DATASET EXTRACT section start

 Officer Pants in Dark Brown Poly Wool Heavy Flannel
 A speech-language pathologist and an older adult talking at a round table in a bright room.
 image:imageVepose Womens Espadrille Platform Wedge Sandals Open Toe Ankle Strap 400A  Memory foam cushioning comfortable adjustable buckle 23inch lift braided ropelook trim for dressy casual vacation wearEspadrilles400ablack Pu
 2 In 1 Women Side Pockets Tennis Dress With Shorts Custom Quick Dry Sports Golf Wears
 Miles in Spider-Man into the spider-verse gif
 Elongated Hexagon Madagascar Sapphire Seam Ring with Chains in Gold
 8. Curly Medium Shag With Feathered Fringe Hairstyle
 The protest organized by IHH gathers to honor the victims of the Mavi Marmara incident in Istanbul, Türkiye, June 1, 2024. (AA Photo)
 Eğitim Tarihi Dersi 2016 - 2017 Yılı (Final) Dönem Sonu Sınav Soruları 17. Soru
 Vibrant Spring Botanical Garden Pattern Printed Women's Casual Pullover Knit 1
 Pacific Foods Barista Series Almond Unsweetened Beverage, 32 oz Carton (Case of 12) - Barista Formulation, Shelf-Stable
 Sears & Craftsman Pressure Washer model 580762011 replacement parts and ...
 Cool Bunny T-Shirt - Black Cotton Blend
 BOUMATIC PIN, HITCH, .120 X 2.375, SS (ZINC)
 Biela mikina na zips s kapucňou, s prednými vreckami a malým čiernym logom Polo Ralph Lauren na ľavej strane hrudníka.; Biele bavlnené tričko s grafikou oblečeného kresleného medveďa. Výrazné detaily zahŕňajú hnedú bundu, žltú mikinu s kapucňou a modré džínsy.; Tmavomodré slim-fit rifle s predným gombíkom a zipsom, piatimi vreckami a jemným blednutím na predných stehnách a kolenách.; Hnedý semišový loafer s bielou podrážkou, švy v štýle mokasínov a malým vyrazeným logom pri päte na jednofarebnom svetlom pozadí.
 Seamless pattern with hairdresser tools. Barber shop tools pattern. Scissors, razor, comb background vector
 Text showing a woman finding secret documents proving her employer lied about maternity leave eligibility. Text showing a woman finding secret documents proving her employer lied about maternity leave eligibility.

DATASET EXTRACT section end

EXERCISE DIRECTIONS » When you reach the line holding "A speech-language pathologist" in the records above, begin reproducing exactly, stop after the line holding "2 In 1 Women", and output nothing else.

EXERCISE ANSWER »
 A speech-language pathologist and an older adult talking at a round table in a bright room.
 image:imageVepose Womens Espadrille Platform Wedge Sandals Open Toe Ankle Strap 400A  Memory foam cushioning comfortable adjustable buckle 23inch lift braided ropelook trim for dressy casual vacation wearEspadrilles400ablack Pu
 2 In 1 Women Side Pockets Tennis Dress With Shorts Custom Quick Dry Sports Golf Wears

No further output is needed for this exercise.